Animal Shelter Horrified After Adopted Pig Gets Eaten

Colin Fredericson
By Colin Fredericson
February 26, 2018Worldshare
Animal Shelter Horrified After Adopted Pig Gets Eaten
A 3-week-old pot-bellied pig, the same kind as the pig killed in British Columbia for food after it was adopted. (Johannes Eisele/AFP/Getty Images)

A rescued pig adopted from a shelter ended up as a meal for the household that adopted her.

The pig was adopted from a location for the Society for the Prevention of Cruelty to Animals (SPCA) in Nanaimo, British Columbia, Canada. The new owner signed a contract not to kill or eat the pig upon adoption. Despite that, the owner won’t face legal consequences, the CBC reported.

“To hear that somebody did this to an animal that we worked so hard to make sure was healthy, and tried to get into a good home, is absolutely heartbreaking,” said Leon Davis, Nanaimo SPCA branch manager, via CBC.
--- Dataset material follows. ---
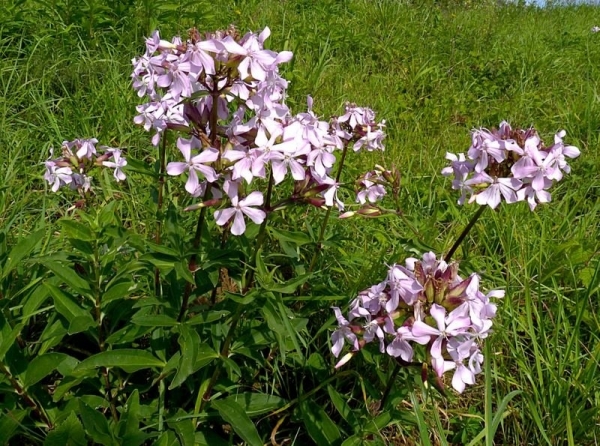 Annexe img-000017516L.jpg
The owner decided to eat the pig just a few weeks after adoption. The pig had been rescued, along with dozens of other piglets, in a rescue operation in Duncan, British Columbia. Molly, the pig, was just one of that batch of animals that shelter staff managed to nurse back to health. She was a Vietnamese pot-bellied pig, the CBC reported.

It’s not against the law to kill a pig, as long as it is done humanely, which investigators did determine to be the case. The owner killed and ate the pig after discovering a problem with it. The SPCA won’t let the owner adopt another animal, the CBC reported.

Brandee McKee, who owns a pig as a pet and lives on Vancouver Island, found out about the situation online. She told Global News that a couple sent photos out online through social media that showed them seasoning and preparing to eat Molly after turning her into pig meat.

“Because animals are considered property under the law, once an adoption agreement is made, that person is the full legal owner of that animal, whether it’s a dog, or a cat, or a pig or whatever so the minute the adoption is signed we lose all legal rights to that animal,” Lorie Chortyk, general manager of community relations for the British Columbia SPCA, via Global News.

Chortyk added that shelter staff had no way of knowing what the people in Molly’s new household were going to do. She said that owners go through an involved process before they can take an animal home, and expectations were spelled out clearly in writing, Global News reported.

“This gentleman, we’re certainly very devastated by what he did, but he didn’t do anything illegal,” said Chortyk, referring to the man who adopted Molly.